Sundar Pichai, szef Google’a, twierdzi, że rok 2025 będzie dla firmy "krytyczny". Pracownicy firmy szykowani są na miesiące wyjątkowo intensywnej pracy.
W połowie grudnia w siedzibie firmy Alphabet, do której należy Google, odbyło się spotkanie świąteczne, w którym udział wziął sam Sundar Pichai. Redakcja CNBC dotarła do nagrania z tego spotkania.
Google szykuje się na ciężki 2025 rok
Podczas spotkania Pichai miał przygotować pracowników Google’a na liczne wyzwania związane z rosnącą konkurencją, szybkim postępem w dziedzinie sztucznej inteligencji oraz przeszkodami regulacyjnymi. Podkreślił, że "stawka jest wysoka".
Od miesiący Google stara się nadrobić zaległości względem firmy OpenAI, której ChatGPT wywrócił rynek usług internetowych do góry nogami. Oczkiem w głowie giganta jest aktualnie rodzina dużych modeli językowych Gemini oraz chatbot o tej samej nazwie, który ma stanowić bezpośrednią konkurencję dla produktu firmy OpenAI. Ta nie pozostaje dłużna, bo niedawno uruchomiła własną wyszukiwarkę ChatGPT search, zagrażając tym samym pozycji sztandarowego produktu Google’a.
A to dopiero początek problemów. Na całym świecie przeciwko Google’owi toczą się liczne postępowania antymonopolowe związane z rynkiem reklamy internetowej i innych usług, w przypadku których gigant ma dominującą pozycję. W ramach jednego z nich Departament Sprawiedliwości USA domaga się od Google’a sprzedaży przeglądarki Chrome. Jak wynika z danych StatCountera, w listopadzie 2024 korzystało z niej przeszło 67 proc. internautów.

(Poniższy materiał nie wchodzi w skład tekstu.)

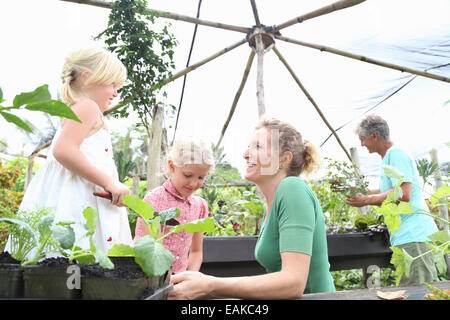 Deux femmes travaillant dans les émissions avec les filles Banque D'Images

"Nie umyka mojej uwadze, że jesteśmy poddawani kontroli na całym świecie" – miał wyznać Sundar Pichai podczas swojego wystąpienia. "To wynika z naszej wielkości i sukcesu. Jest to część szerszego trendu, w którym technologia wywiera teraz wpływ na społeczeństwo na ogromną skalę. Dlatego bardziej niż kiedykolwiek, w tym momencie, musimy upewnić się, że nie damy się rozproszyć" - dodał.
Podczas sesji pytań i odpowiedzi jeden z pracowników firmy miał zasugerować, że ChatGPT "staje się synonimem sztucznej inteligencji tak jak Google stał się synonimem wyszukiwania" i zapytać o planowane w związku z tym działania. W odpowiedzi usłyszał, że na rok 2025 planowany jest dynamiczny rozwój Gemini i powiązanych z nim produktów. Jednym z nich jest Projekt Mariner, czyli prototyp wielozadaniowego rozszerzenia do przeglądarki Chrome, które ma wykonywać skomplikowane zadania na stronach internetowych na polecenie użytkownika.
Gigant pracuje także nad uniwersalnym asystentem ukrywającym się pod kodowym oznaczeniem Projekt Astra. Ten miałby zostać zintegrowany z inteligentnymi okularami i umożliwić komunikację bazującą na rozpoznawaniu mowy i obrazu w czasie rzeczywistym.
"W historii nie zawsze trzeba być pierwszym, ale trzeba działać dobrze i naprawdę być najlepszym w swojej klasie jako produkt” - stwierdził szef Google’a w trakcie prezentacji poświęconej Gemini. “Myślę, że właśnie o to chodzi w 2025 roku" - dodał.